------ Raw data ------

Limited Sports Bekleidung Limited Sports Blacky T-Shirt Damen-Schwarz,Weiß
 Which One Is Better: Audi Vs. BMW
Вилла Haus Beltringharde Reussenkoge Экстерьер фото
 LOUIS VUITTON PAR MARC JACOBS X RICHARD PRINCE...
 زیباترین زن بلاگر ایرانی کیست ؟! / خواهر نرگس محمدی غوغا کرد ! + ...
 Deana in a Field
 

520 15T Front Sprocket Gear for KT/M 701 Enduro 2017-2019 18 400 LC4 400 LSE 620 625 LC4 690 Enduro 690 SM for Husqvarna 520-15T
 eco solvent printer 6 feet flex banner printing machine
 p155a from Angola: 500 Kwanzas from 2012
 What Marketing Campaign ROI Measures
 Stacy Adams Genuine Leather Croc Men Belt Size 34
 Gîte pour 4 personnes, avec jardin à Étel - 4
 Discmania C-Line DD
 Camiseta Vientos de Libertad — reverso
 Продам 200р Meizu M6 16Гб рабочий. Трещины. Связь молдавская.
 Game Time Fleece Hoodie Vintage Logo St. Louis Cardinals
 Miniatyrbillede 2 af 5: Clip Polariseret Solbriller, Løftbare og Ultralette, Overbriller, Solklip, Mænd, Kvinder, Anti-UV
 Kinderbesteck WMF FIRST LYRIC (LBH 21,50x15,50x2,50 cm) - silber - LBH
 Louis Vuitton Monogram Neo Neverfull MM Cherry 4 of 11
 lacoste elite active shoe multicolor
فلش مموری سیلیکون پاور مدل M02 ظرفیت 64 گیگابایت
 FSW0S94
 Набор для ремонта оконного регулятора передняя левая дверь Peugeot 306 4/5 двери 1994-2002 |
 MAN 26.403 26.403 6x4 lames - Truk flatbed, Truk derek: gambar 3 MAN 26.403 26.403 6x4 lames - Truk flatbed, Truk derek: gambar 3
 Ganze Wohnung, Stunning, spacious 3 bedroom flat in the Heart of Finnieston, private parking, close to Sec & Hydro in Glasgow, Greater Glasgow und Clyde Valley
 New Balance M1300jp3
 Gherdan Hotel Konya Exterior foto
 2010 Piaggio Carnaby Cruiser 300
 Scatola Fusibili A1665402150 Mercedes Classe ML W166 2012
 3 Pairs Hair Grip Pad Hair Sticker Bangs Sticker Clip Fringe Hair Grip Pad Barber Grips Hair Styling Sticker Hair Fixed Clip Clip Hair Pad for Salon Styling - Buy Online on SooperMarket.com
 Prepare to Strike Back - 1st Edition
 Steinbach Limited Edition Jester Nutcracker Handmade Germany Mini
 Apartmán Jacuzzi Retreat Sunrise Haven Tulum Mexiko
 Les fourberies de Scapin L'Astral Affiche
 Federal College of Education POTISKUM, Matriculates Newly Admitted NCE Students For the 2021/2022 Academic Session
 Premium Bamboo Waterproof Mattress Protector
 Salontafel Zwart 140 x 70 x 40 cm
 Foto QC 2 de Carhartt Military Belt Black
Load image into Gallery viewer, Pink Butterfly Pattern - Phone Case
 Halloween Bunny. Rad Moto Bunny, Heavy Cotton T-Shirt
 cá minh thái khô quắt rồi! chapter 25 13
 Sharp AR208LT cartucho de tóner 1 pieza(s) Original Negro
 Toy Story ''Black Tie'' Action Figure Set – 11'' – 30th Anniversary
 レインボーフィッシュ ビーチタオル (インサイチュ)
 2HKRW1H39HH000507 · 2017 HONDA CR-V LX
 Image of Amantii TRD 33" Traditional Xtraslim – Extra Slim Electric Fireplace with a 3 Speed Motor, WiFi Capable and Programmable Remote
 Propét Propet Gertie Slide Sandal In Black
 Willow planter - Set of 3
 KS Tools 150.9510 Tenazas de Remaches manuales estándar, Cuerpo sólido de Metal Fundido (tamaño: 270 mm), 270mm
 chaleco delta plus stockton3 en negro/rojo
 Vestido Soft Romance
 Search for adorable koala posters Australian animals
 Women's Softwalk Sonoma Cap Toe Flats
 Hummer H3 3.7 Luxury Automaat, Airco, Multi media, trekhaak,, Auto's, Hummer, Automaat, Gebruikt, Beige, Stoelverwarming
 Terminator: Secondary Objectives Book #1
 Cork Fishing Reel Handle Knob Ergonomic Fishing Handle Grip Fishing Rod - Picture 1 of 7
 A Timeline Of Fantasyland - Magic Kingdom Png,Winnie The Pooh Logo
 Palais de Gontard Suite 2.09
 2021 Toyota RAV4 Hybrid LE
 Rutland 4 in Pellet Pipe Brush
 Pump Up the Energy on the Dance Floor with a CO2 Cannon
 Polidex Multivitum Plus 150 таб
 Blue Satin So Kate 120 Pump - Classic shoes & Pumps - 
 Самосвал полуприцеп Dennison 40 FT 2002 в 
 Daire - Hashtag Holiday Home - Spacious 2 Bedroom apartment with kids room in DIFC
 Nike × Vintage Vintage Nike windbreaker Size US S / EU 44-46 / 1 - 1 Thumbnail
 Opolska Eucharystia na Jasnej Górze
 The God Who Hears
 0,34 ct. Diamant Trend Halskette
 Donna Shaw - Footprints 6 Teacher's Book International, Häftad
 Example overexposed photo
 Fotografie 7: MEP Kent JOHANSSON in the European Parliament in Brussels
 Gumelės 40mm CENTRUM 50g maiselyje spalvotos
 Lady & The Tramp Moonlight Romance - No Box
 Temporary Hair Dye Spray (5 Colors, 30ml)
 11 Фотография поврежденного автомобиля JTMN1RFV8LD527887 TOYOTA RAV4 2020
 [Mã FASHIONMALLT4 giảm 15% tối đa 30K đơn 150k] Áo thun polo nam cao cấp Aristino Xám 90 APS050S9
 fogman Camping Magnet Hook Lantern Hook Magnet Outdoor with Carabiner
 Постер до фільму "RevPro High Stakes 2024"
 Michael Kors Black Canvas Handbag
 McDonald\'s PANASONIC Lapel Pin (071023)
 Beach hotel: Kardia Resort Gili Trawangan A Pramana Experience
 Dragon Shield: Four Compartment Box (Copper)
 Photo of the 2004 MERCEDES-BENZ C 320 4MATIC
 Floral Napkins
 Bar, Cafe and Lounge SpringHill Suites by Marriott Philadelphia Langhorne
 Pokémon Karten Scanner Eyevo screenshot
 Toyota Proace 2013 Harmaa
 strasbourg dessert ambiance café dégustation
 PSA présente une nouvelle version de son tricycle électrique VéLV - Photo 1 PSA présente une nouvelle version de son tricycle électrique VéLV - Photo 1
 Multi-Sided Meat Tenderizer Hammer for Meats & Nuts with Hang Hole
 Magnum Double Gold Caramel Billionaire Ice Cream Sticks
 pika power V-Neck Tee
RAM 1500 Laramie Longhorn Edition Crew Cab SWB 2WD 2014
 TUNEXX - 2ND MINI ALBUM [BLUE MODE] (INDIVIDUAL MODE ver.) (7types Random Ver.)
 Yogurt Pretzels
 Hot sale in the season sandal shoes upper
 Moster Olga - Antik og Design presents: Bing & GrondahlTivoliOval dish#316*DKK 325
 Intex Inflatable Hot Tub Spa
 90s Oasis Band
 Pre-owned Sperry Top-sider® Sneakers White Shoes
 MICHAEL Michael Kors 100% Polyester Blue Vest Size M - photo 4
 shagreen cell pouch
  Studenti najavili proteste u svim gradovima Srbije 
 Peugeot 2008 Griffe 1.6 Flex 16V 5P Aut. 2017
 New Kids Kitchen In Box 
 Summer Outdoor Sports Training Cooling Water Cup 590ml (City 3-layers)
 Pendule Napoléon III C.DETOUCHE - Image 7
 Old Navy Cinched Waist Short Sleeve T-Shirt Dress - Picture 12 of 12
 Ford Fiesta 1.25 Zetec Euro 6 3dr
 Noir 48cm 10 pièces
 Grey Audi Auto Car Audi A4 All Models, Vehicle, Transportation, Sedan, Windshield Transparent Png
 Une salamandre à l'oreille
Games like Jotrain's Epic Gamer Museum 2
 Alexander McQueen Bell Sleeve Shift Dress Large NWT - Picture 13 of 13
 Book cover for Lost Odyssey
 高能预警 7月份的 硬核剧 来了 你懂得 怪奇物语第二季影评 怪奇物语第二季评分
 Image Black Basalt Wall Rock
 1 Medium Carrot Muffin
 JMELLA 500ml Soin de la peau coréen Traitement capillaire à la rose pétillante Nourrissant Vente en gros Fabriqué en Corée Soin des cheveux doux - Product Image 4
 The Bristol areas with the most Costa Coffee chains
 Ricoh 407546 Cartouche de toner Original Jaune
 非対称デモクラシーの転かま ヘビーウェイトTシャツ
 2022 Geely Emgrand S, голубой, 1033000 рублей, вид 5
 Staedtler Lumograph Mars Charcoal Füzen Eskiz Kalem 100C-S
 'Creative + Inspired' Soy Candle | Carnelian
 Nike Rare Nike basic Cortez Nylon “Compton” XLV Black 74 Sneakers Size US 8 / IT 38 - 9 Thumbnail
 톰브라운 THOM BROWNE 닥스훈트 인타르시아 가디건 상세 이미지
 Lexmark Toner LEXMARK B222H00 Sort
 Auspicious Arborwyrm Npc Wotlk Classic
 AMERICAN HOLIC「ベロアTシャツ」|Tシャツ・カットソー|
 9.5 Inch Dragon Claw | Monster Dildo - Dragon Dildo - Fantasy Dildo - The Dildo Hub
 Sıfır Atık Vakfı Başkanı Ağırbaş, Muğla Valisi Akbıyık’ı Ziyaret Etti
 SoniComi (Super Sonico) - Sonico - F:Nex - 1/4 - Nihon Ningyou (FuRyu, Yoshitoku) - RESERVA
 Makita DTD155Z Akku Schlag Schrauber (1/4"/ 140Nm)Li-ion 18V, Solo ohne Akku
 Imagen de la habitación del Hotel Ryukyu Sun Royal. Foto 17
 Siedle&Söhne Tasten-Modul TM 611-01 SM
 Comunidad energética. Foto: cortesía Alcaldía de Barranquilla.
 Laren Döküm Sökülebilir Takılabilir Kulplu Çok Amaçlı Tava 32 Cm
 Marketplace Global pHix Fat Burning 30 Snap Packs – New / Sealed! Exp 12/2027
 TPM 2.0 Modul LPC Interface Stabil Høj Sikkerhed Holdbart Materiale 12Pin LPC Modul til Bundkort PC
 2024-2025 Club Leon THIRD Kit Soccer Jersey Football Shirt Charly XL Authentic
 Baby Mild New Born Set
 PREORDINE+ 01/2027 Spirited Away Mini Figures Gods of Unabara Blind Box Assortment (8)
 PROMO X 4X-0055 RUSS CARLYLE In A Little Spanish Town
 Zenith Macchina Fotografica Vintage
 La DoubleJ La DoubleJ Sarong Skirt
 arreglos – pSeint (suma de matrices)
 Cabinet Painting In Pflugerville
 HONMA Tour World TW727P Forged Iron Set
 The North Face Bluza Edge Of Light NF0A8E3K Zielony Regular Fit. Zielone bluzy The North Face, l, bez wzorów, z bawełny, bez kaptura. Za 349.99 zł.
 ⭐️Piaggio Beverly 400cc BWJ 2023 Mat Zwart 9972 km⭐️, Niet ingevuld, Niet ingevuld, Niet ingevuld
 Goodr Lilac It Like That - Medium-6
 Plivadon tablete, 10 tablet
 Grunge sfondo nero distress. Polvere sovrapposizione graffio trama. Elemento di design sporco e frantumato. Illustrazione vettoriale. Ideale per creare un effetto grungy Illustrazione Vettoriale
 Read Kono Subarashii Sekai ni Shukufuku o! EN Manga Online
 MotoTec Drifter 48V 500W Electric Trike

------

▶ [Your assignment] Give the number of lines in the records where the word "Shirt" shows up. Nothing else belongs in the reply.

▶ [Result] 4